The Olympic Committee is trying to appeal to a younger audience, and for a generation where the Olympics might have seemed somewhat boring before, they may very well succeed.
Photo: Tom Isted
Whilst nobody can deny that freestyle BMX makes good TV, how will the exposure affect the sport itself?
Generally there are two viewpoints when it comes to publicity and exposure of sports like Skateboarding and BMX; One is that extreme sports with a corresponding subculture are their answer to mainstream sports and the more mainstream their sport becomes, the less individual they are.
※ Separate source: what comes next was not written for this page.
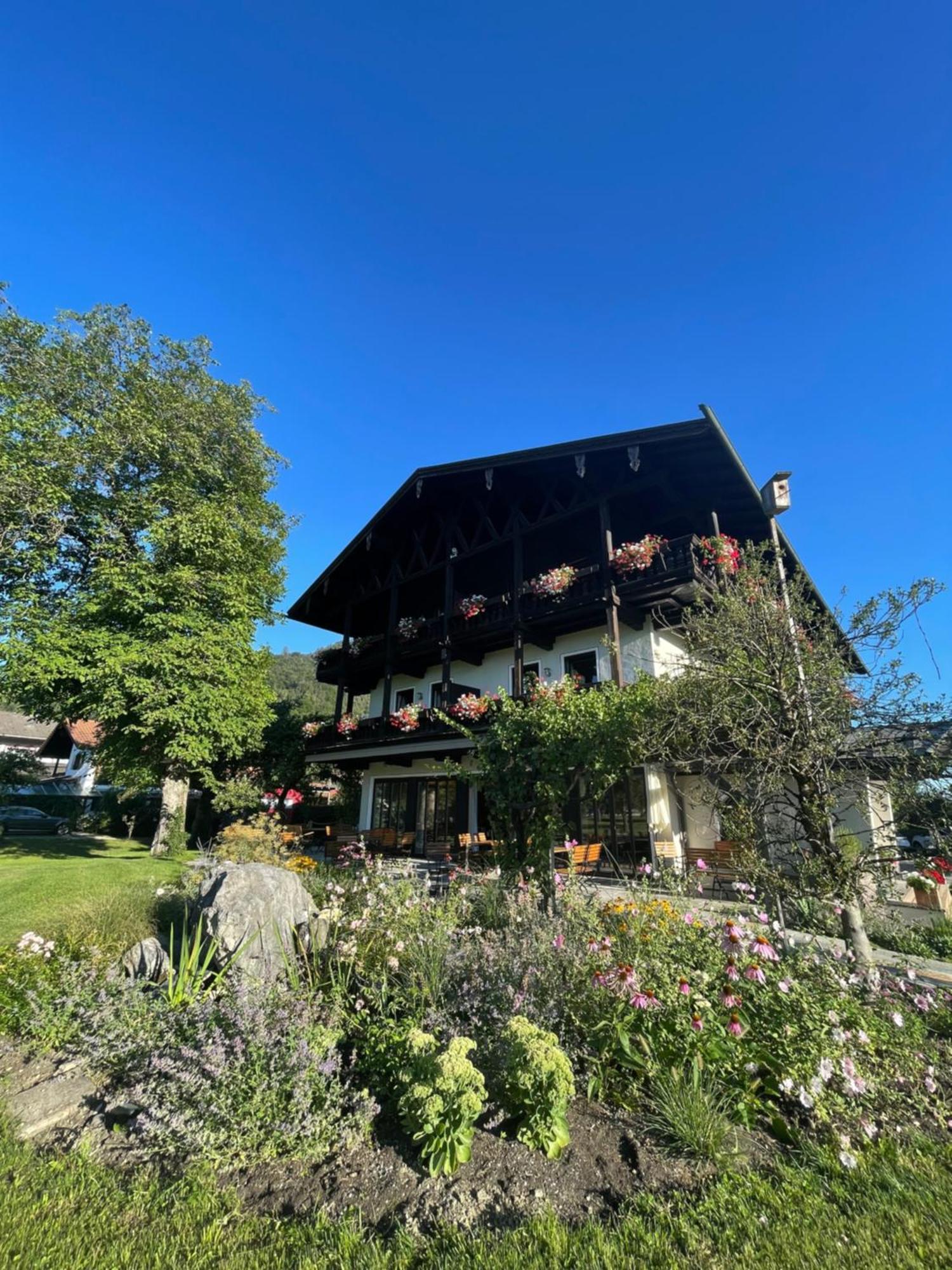 Alpenhof Landhotel Restaurant Oberaudorf Exterior photo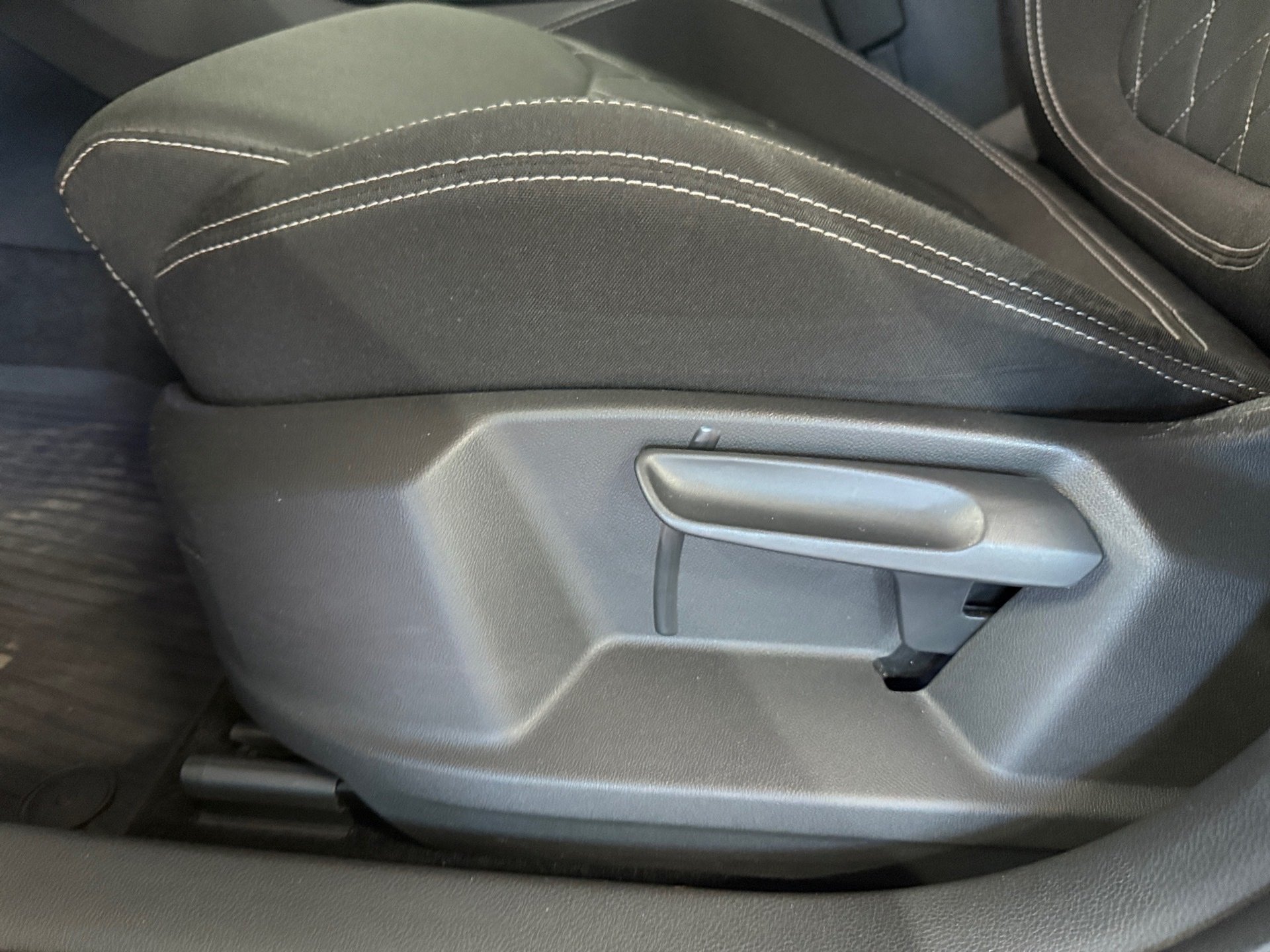 Karoq 1.5 TSI Sportline DSG Matrix Navi AHK Sportsitze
And the other side care not for the culture as much as the exhilaration and motivation to improve at the sport, and to get more people involved in the sport.
Photo: Cam Peake
As extreme sports are becoming bigger, in terms of participation and exposure, the association with anti-establishment values and rebellious behaviour is decreasing and we are seeing professional extreme sports athletes taking their discipline more and more seriously, in terms of fitness, training and diet. The Olympics will hopefully serve as testament to this and show the masses that these guys and girls are in fact devoted athletes, not just rebels or adrenaline junkies.
The Olympics will give the chance for more people to represent their country in a way they definitely did not imagine when they first started out. It’s an opportunity that most of us would jump at, literally.
I can’t help but think that with more exposure, will come more skate parks, more trails, more technological advances in equipment etc.… all good stuff if you ask me.